First, we have found that gins typically do a good job on the physical front. Things like guarding and electrical compliance are not normally a big problem for our industry. If you are listening to your safety consultants and following up their recommendations, you should be in pretty good shape.
The OSHA inspectors will want to talk to management during an inspection, but they will also want to pull aside some of your employees and visit with them separately. They will be talking to them about how well they are trained, among other things. Ginners typically do a good job of training their workers, but it is often done in an informal manner. This can get you into trouble with OSHA.
It is very important that you document all your training activities, and that you can show that each worker is trained for each job he does. In the eyes of OSHA, if the training is not documented, it did not occur. For example, if you have an employee who works on the press and also operates a forklift, you should be able to show how you trained this worker in both areas.
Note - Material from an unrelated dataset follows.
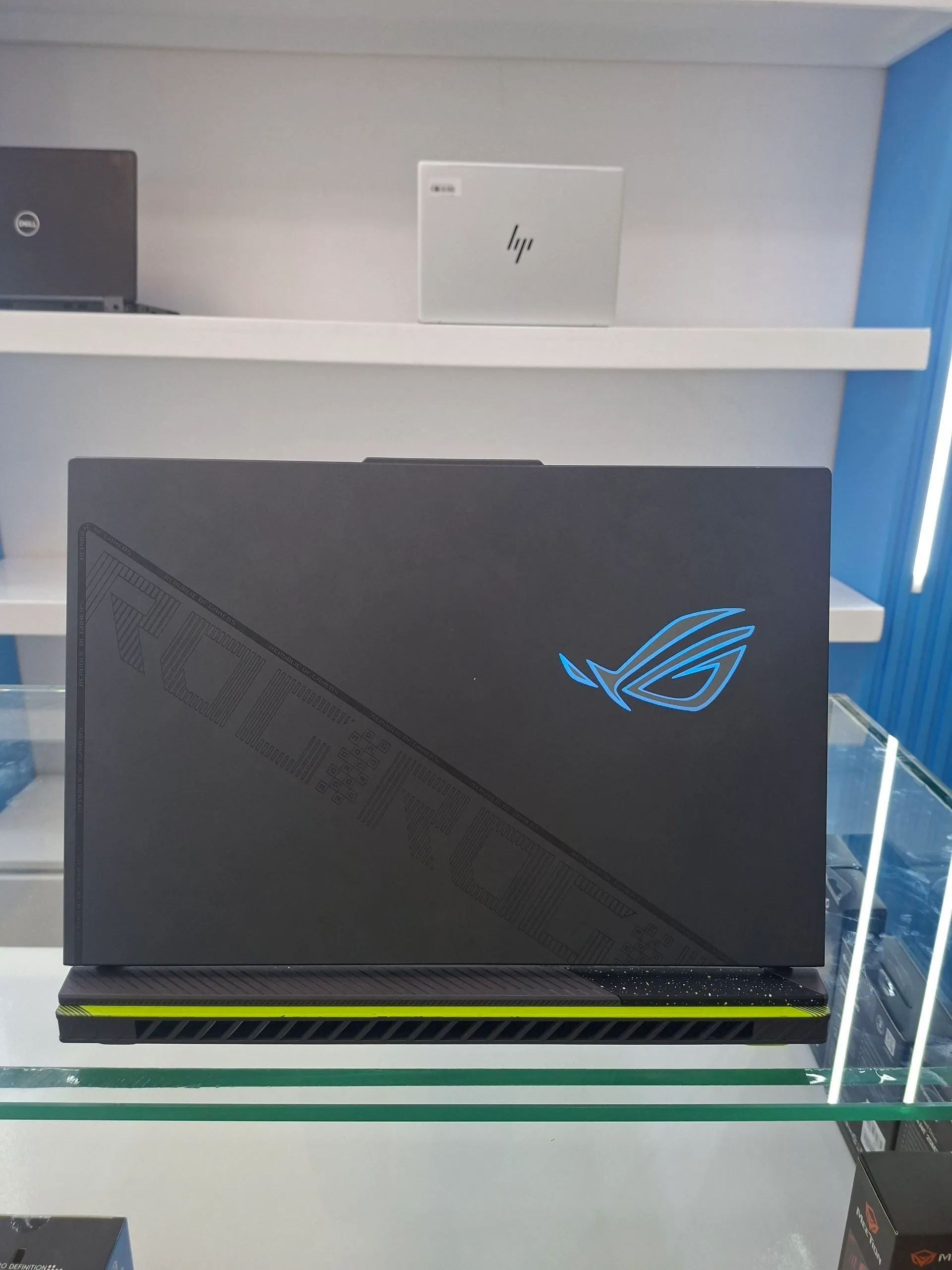 Asus ROG Strix G16 i7 RTX 4070 – photo 3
In our experience, agricultural operations are generally given a fair amount of latitude as to how they train their employees, but it is important that you document what you do so that you can explain it, and show some documentation about how and when the training has occurred. We have seen instances where a worker was hurt in an area, then claimed he was never trained in how to work safely in that area. A sign-in sheet for that training session becomes very important in this scenario.
Policies and procedures are another important aspect of your documentation. You should have these policies and procedures put together in writing, and you should be sure all of your workers receive these items. Most importantly, however, you should be sure that your workers are following the procedures. For example, all gins should have a lockout policy. Go through your policy and be sure it accurately describes how your lockout procedure works. Then make sure your workers are consistently following your practice.
Your gin association should have example training materials and example policies and procedures available for your use. If you find an instance where your practices don’t match the written policy, go over these differences with your association staff or your loss control folks to decide whether you should modify the policy to match your practice or whether it is necessary to modify practices to match the policy. Consistency is the key for staying in compliance.
Finally, if you do get inspected, you may receive a citation. Always have your association staff or council review the citations. As agricultural operations, there are certain standards that are not applicable to cotton gins. Never sign off on a citation without getting it reviewed by someone knowledgeable about OSHA rules and cotton gin operations. There is no downside to having an informal conference to go through the applicability of each citation you receive, and you may save your operation and the entire industry a lot of work by not agreeing to any citation that could have been issued inappropriately.
OSHA inspectors have been pushing the envelope of their own rules in many of the citations we have seen, and it is important that we all work together to be sure they stay within their own laws and regulations when a citation is received by a member of our industry.